*** Opening of The data ***
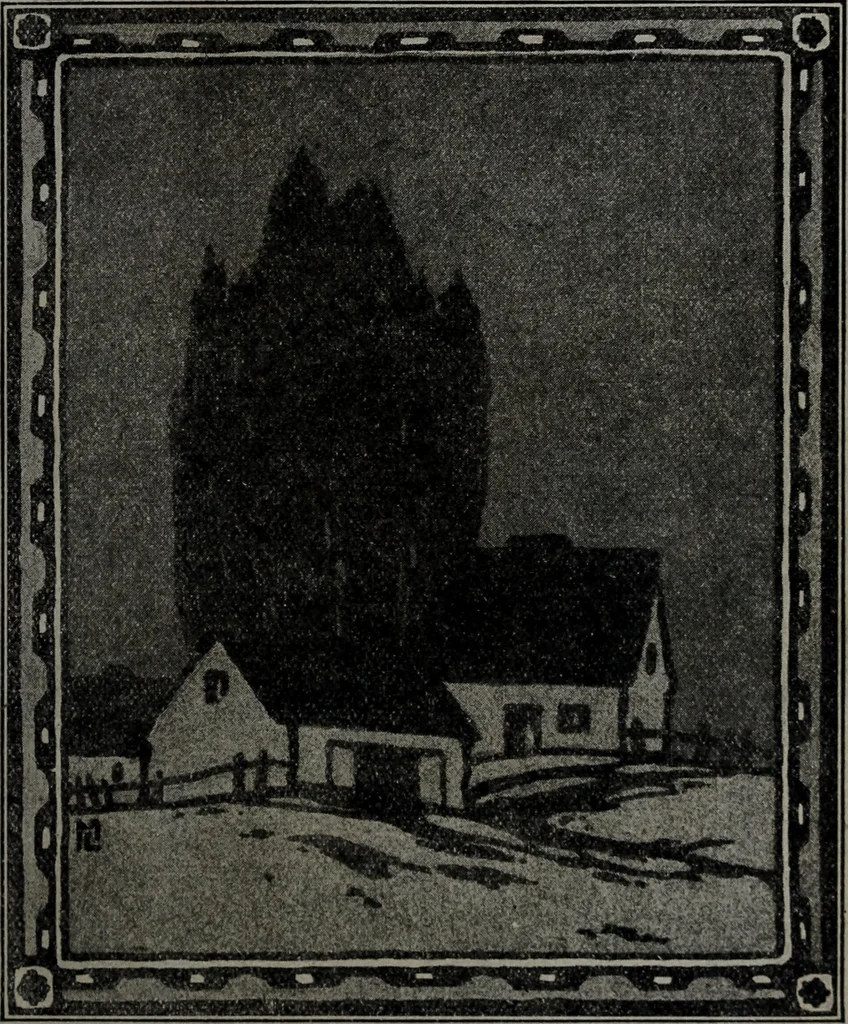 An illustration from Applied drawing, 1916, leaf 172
*** Close of The data ***
*** Opening of The data ***
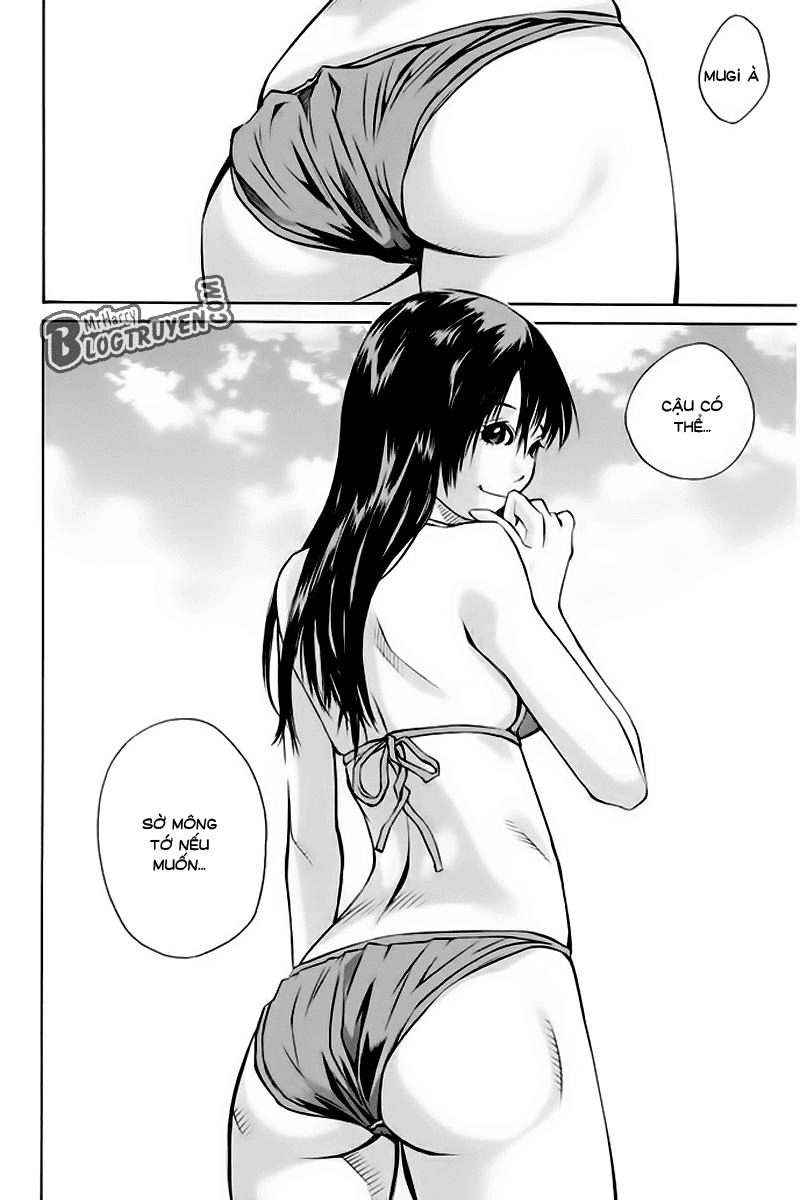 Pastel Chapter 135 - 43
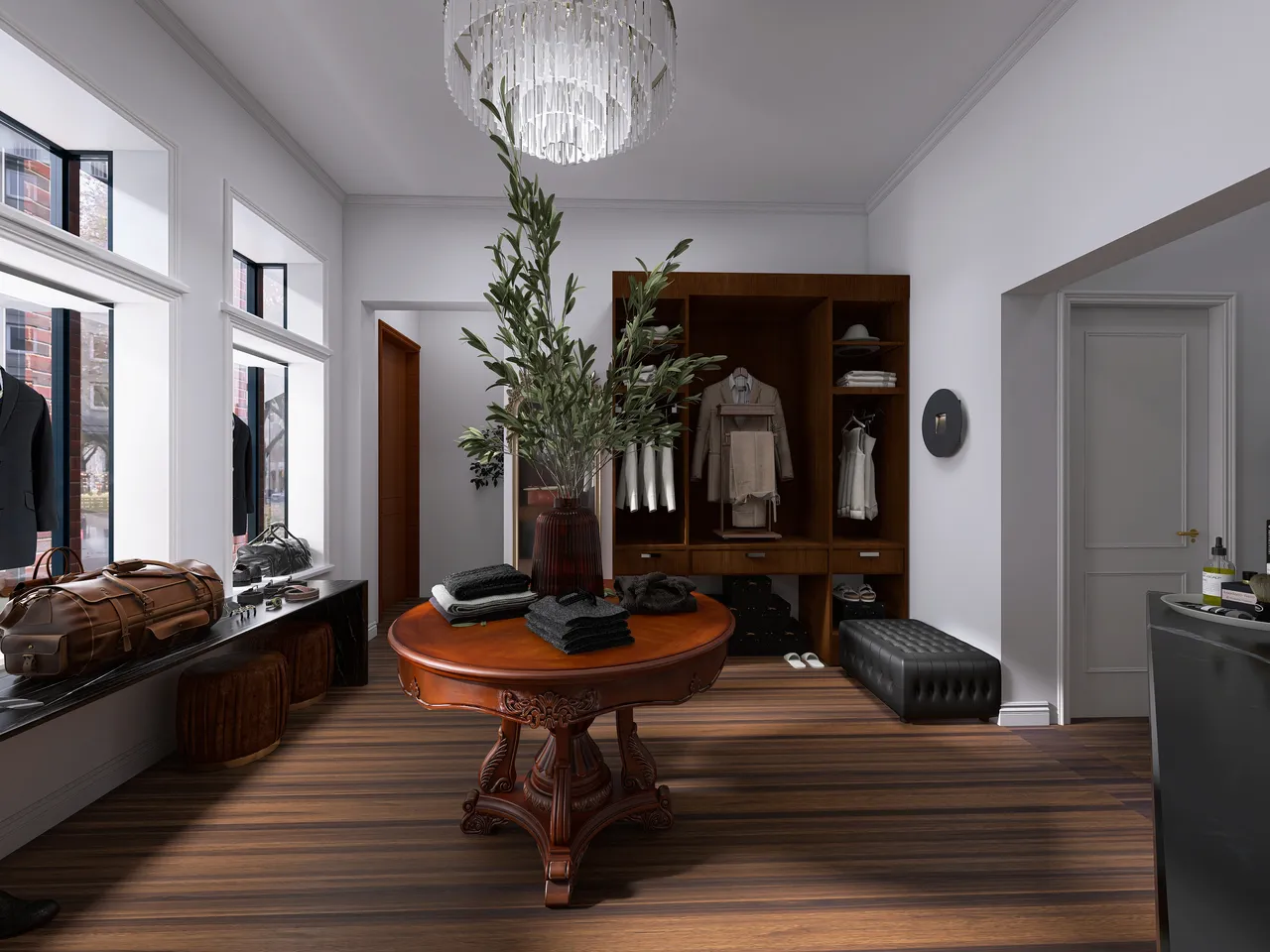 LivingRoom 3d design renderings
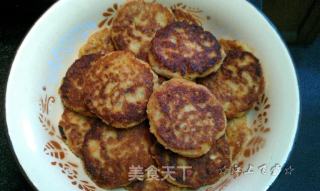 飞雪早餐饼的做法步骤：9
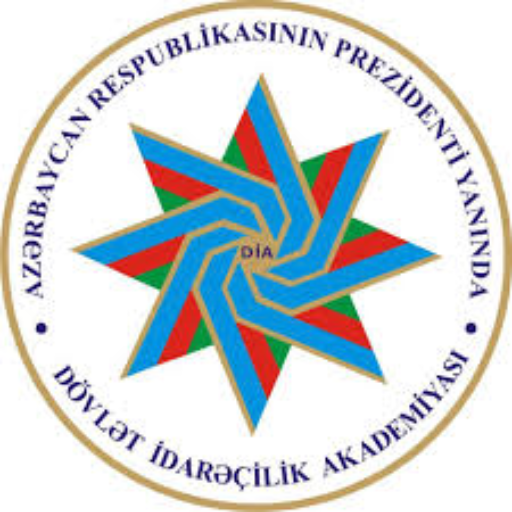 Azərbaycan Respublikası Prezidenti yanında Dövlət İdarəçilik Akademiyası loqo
*** Close of The data ***
Directions for this task:
Write out exactly the run of lines above that starts at the line containing "LivingRoom 3d design renderings" and ends at the line containing "Azərbaycan Respublikası Prezidenti". Include both, and leave the pictures out.

Expected output:
 LivingRoom 3d design renderings
 飞雪早餐饼的做法步骤：9
 Azərbaycan Respublikası Prezidenti yanında Dövlət İdarəçilik Akademiyası loqo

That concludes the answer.